I’ve said all season that there’s no better quarterback in the NFL than Brady when it comes to getting the most out of his receivers. Some Colts fans don’t agree with me. You’re around Brady on a regular basis. Why is he able to be successful with a group of relatively unknown receivers?
Reiss: Where to begin? Brady is exceptionally smart, with the recall of a golfer who might go through each shot of his round with vivid detail. Former offensive coordinator Bill O'Brien once nicknamed Brady’s brain “IBM” because it is computer-like, and when you consider that Brady has essentially been in the same offensive system for 14 years, that’s a major advantage. Brady also takes great care of himself physically, having just played every snap of a regular season for the first time of his 14-year career. I think it starts there, and it trickles down to his competitive drive and the feeling that he has an ownership stake in this team. He’s been having weekly film sessions with the young receivers on Tuesdays this year, as he’s almost morphed into another coach who demands excellence. He previously acknowledged that he had to learn to have more patience because of the unique situation and he’s been rewarded for it. It’s been impressive to watch.
We covered the quarterbacks, but let’s not stop there. Tell us more about the Colts’ defense and what linebacker Robert Mathis has done to put himself in the discussion for NFL Defensive Player of the Year.
Wells: Mathis hasn’t hidden the fact that he came into this season with a glacier-sized chip on his shoulder. He wanted to prove to people that he didn’t need Dwight Freeney starting opposite of him to be effective. Mathis backed it up by leading the league in sacks with 19.5. He became the 30th player in league history to record at least 100 sacks in a career earlier this season. He also set the Colts’ single-season and career sack records. I think Mathis is the frontrunner for Defensive Player of the Year. Mathis has a knack for pulling off one of his customary strip-sacks at the right time. He did it against Manning and the Denver Broncos in Week 7 and he did it again against Kansas City last weekend. Chiefs quarterback Alex Smith was having his way against the Colts when Mathis forced the turnover. The Colts scored five plays later.
Speaking of defense, how much will the loss of linebacker Brandon Spikes impact New England?

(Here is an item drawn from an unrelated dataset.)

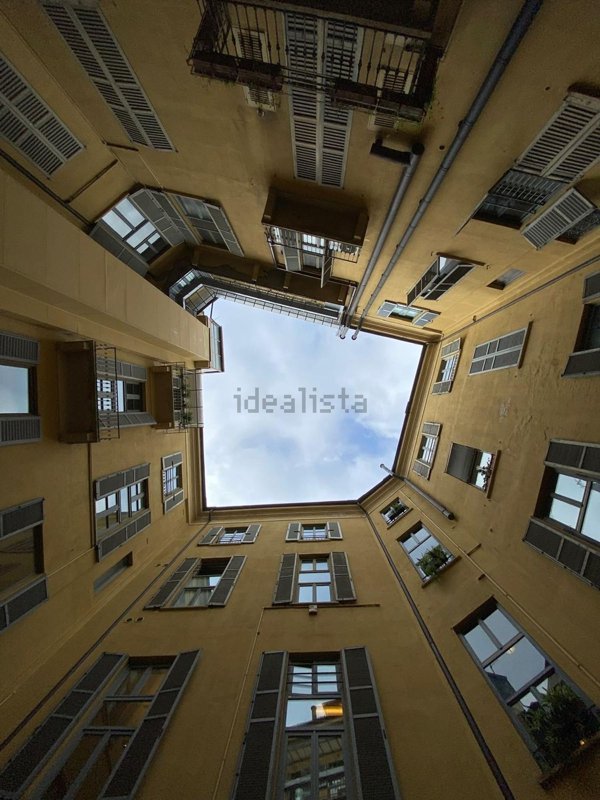 appartamento in vendita a Milano in zona Porta Nuova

Reiss: I thought Patriots linebacker Dont'a Hightower summed it up nicely when asked what the Patriots would miss without Spikes. He said, “Intimidation. Fire. He brings that spark to the defense that a lot of people don’t.” Spikes was most effective playing downhill in the running game, which was especially important for the team after losing powerful defensive tackles Vince Wilfork (Sept. 29) and Tommy Kelly (Oct. 6) to season-ending injuries. At times, the Patriots just sent Spikes straight into the heart of the opposing offensive line to account for those injuries. So they’ll have to piece things together, with top draft pick Jamie Collins (52nd overall) and four-year veteran Dane Fletcher the two linebackers who figure to see a spike in playing time. Spikes wasn’t a big factor in sub packages as pass coverage isn’t his forte, so he probably wasn’t going to have a very high snap count in this game anyway. He played 59 percent of the defensive snaps on the season.

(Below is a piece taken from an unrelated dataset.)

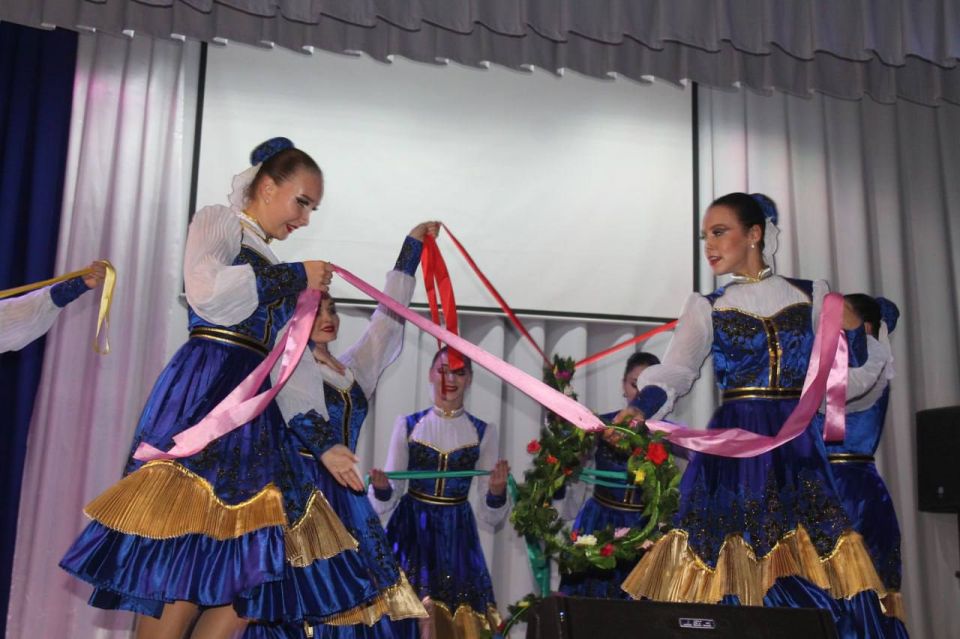 Вчера в Мангушском центра культуры и досуга с аншлагом прошел концерт Государственного казачьего ансамбля песни и танца «Ставрополье» Вчера в Мангушском центра культуры и досуга с аншлагом прошел концерт Государственного казачьего ансамбля песни и танца «Ставрополье»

We heard Bill Belichick say that if ever there was a Hall of Fame kicker, it was Adam Vinatieri. He just turned 41, is the oldest player in the NFL, and is scheduled to be an unrestricted free agent in the offseason. What are your thoughts on his future with the Colts?
Wells: This is going to be a tough decision for the Colts in the offseason. Vinatieri was 35-of-40 on field goals, including four from at least 50 yards, and a perfect 34-of-34 on extra points in the regular season. But he’ll be 42 years by the end of next season. Age and the fact that Vinatieri just handles field goals and extra points are two major things that the Colts will take into consideration this winter. Punter Pat McAfee, who also handles kickoff duties, will be a free agent, too. The Colts have to decide what direction they want to go in the kicking department. If I were a betting man, which I’m not outside of penny slot machines, I’d say Vinatieri will not be back next season. He may end up being a Hall of Famer like Belichick said when he finally decides to hang up his cleats.
The Patriots were a perfect 8-0 at Gillette Stadium during the regular season. Half of those wins were by three points or less, though. Is Gillette Stadium really a home-field advantage for New England?
Reiss: I don’t think this is a home-field advantage like I’ve seen for other teams, such as Seattle with the “12th Man.” That, to me, is at the top of the list based on tough places to play because of the crowd and other factors. In this case, I think what makes the Patriots tough at home is that they are a good team that plays smart, and almost annually develops the type of mental toughness that is necessary to have when playing in the Northeast at this time of year. The Patriots’ home record (regular season and playoffs) since 2002 is 91-18, easily the best mark in the NFL over that span. I see where the Colts are 79-27 at home in that same period, third in the NFL. The Patriots have had some close calls at home this year and no one should be surprised if this game also comes down to the wire.